What does an amplitude modulated signal sound like in a speaker?

Question

Let us compare two signals: One is a normal sinusoidal signal with single frequency of 5kHz with 1V amplitude (2V peak-to-peak) while th other signal has a carrier frequency of 5kHz and 2V peak-to-peak, but is an AM modulation signal with modulation waveform frequency (or message frequency) of 900Hz, with some modulation index.

Connect these two signals generated by function generators to aspeaker, generating sounds.

Would both signals sound similar in pitch (frequency) to our ears, or would the modulated signal's pitch sound more like 900Hz than 5kHz?

Answer 1

Sounds are hard to describe in words, so the best thing to do is simply try it. You will hear the 5 kHz, but it will sortof "buzz" at 900 Hz.

Even if you don't have equipment that does AM modulation, just create a WAV file with this signal and play it thru the PC speakers. Hearing it yourself is really the only way to answer this question.

Answer 2

I am aware this question is old, but as I needed the solution and couldn't find a better one, I'm writing here the best answer I could manage.

Short answer: the modulated wave sounds like two notes near the higher note played simultaneously.

Long answer: For simplicity sake we will assume a modulation index of 1.

The function of an amplitude modulated sound is \$ f(t)=A\cdot sin(t \cdot F_1)\cdot sin(t*F_2) \$

where A is the amplitude \$F_1\$ is the first frequency and \$F_2\$ is the second frequency. (it doesn't matter which one is the carrier and which one is the regular frequency)

It doesn't matter if you take the long route of doing a Fourier transform, the short route of remembering trigonometric identities or the shortest route of checking Mathematica. the point is that the this function is equivalent to \$f(t)= \frac{A}{2} cos(t\cdot x(F_1-F_2) )+\frac {A}{2} cos(t\cdot x(F_1+F_2) ) \$

(reminder: a sine and a cosine are equivalent except for a change in phase)

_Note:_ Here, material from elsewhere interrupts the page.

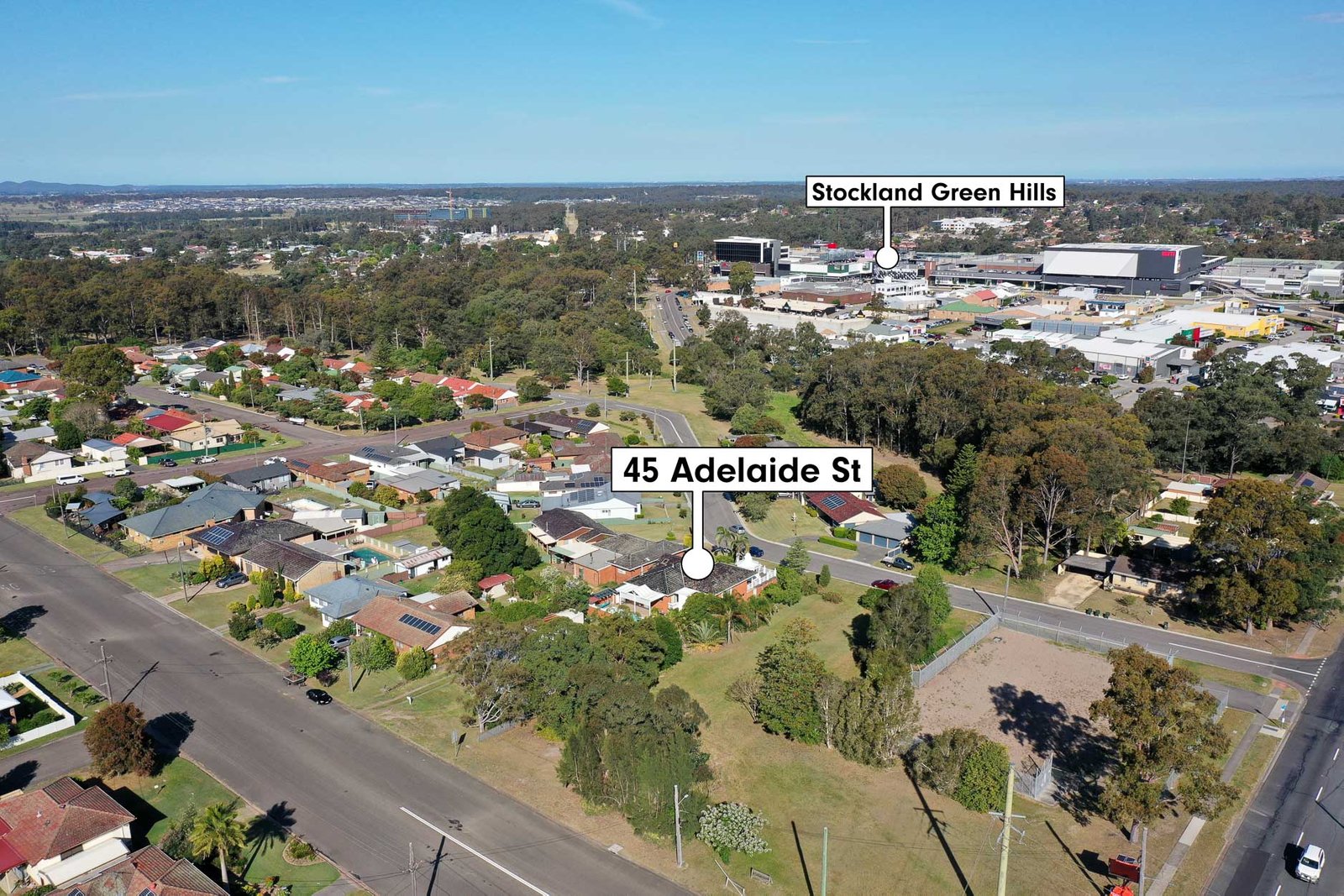 45 Adelaide Street EAST MAITLAND 2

so we got the function of the notes that are equivalent to our original sound:

• A note with frequency equivalent to the difference in frequencies, and half the amplitude. (in your case a 4.1 kHz note)

• A note with frequency the sum of our original notes, and half the amplitude. (in your case a 5.9 kHz note)

Answer 3

I just tried this out with my HP3312 function generator directly driving a 5 inch speaker. The difference between unmodulated and modulated at the frequencies suggested (5 kHz carrier and 900 Hz modulation) is discernible but hard to describe. To me it sounded like the modulated signal was still a single frequency but a higher pitch. However, as the modulation frequency was lowered and as Olin suggested, it definitely changed into a buzzing sound especially for modulation frequencies below about 200 Hz. I was using near 100% modulation to try to maximize the effect. You should definitely try this out yourself, however, since everybody's ears are different.

Answer 4

To be "complete", if the degree of "distortion" is of order 3,

\$Vs= a0 +a1*vg +a2*vg^2+a3*vg^3\$

Where \$vg:= sin (y)*sin (z): y= 5000 ; z = 900 :\$

you will be able to hear this ...

\${1.250000} + 0.125000 * cos (8200) - 0.250000 * cos (1800) - 0.250000 * cos (10000) + 0.125000 * cos (11800) + 0.781250 * cos (4100) - 0.781250 * cos (5900) + 0.031250 * cos (12300) - 0.093750 * cos (2300) - 0.093750 * cos (14100) + 0.093750 * cos (7700) + 0.093750 * cos (15900) {- 0.031250 * cos (17700)}\$ ...

if your ear can hear from 100 Hz up to 16 kHz (except 17700 ?).